Greeting by Bishop Teemu Laajasalo on the occasion of the blessing of the lower house of Felm Jerusalem’s centre on Wednesday 22 January 2020
Esteemed Archbishop, Dear Friends,
Shalom is one of the best-known Hebrew terms. It is a rich expression that is usually translated into Finnish by the word ‘rauha’ – and in English, ‘peace’. Biblical peace is not merely the absence of war. It is an ideal of God, a harmonious connection between human beings and the whole of creation under the rule of justice.
We live in a world in which biblical peace has yet to be realised. An illustration of this is that only today, Wednesday, many world leaders will gather in this very city to mark Holocaust Memorial Day, which will be marked worldwide on Monday.
The mission of Felm is to tell of the Christ who frees the world from sin, burdens and death. But it is also Felm’s mission to imitate Christ – and thus to be true to reconciliation, the building of the peace that transcends borders, justice, and the declaration of the absolute dignity of the human being. That work has been undertaken on this site for decades in a uniquely beautiful setting. In John’s Gospel, Jesus says:
“I sent you to reap that for which you did not labour. Others have laboured, and you have entered into their labour.”
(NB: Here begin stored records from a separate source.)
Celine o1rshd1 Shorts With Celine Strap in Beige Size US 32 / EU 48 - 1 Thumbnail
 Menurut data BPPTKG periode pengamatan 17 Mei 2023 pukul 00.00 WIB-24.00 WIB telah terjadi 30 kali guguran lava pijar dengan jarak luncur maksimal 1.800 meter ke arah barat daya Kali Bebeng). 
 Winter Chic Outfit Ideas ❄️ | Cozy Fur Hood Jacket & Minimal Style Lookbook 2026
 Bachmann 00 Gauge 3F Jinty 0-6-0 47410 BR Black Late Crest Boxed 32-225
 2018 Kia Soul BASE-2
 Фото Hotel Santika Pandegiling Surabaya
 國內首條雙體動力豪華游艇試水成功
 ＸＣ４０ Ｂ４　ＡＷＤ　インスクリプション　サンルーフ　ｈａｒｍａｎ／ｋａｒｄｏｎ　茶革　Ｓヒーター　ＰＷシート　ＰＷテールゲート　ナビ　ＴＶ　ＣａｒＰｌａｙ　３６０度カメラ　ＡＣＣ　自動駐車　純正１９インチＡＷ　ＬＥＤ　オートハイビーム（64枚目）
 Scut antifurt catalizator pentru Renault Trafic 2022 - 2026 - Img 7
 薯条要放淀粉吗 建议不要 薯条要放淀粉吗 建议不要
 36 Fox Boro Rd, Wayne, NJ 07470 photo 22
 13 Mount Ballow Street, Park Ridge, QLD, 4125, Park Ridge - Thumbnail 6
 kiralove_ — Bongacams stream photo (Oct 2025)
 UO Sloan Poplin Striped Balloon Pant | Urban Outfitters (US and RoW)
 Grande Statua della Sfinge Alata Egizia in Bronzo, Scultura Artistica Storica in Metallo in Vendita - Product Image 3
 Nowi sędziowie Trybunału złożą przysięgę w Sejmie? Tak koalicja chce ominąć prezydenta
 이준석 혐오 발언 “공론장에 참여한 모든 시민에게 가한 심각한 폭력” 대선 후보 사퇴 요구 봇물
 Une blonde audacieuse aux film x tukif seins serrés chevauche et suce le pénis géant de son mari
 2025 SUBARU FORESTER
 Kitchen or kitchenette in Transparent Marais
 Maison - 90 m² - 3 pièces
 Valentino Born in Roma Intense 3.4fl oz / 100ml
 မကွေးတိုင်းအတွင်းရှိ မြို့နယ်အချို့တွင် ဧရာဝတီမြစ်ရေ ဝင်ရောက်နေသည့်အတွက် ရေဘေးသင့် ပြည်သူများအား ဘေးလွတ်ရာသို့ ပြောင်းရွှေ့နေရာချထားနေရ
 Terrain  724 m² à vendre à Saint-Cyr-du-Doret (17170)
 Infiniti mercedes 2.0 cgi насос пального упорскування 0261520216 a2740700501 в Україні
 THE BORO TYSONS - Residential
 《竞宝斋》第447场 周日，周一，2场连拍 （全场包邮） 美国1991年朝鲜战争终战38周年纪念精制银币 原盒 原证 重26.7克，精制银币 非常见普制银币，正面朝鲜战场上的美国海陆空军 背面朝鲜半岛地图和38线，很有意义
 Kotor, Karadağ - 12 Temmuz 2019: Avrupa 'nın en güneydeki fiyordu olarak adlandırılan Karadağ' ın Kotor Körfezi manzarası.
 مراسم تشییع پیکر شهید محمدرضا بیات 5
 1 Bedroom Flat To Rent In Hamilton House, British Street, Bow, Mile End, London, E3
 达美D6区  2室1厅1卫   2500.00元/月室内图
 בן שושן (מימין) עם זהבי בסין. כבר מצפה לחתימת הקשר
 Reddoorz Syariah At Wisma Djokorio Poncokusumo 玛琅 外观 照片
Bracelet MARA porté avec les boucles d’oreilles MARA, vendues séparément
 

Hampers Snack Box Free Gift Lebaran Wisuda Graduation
It is important to remember that the spreading of the message of Jesus never depends on a single sowing of the word, but that those who gather the harvest always garner what has been sown before them. Behind the success of our projects lie the efforts of previous generations. So it is with this place.
Jesus does not speak these words in the Bible negatively. He presents them positively. In the words of Jesus, this phrase is a promise. In the words of Jesus, this phrase is a gift. It is a gift and a promise intended to lighten our burden as church workers. But above all, it is a gift and a promise that Christ himself has done the work for us. And it is good to remember this in Jerusalem, where it may often seem the task is impossible, and progress towards reconciliation is slow.
I wish you all – and especially the people of this centre – God’s blessing, protection and peace.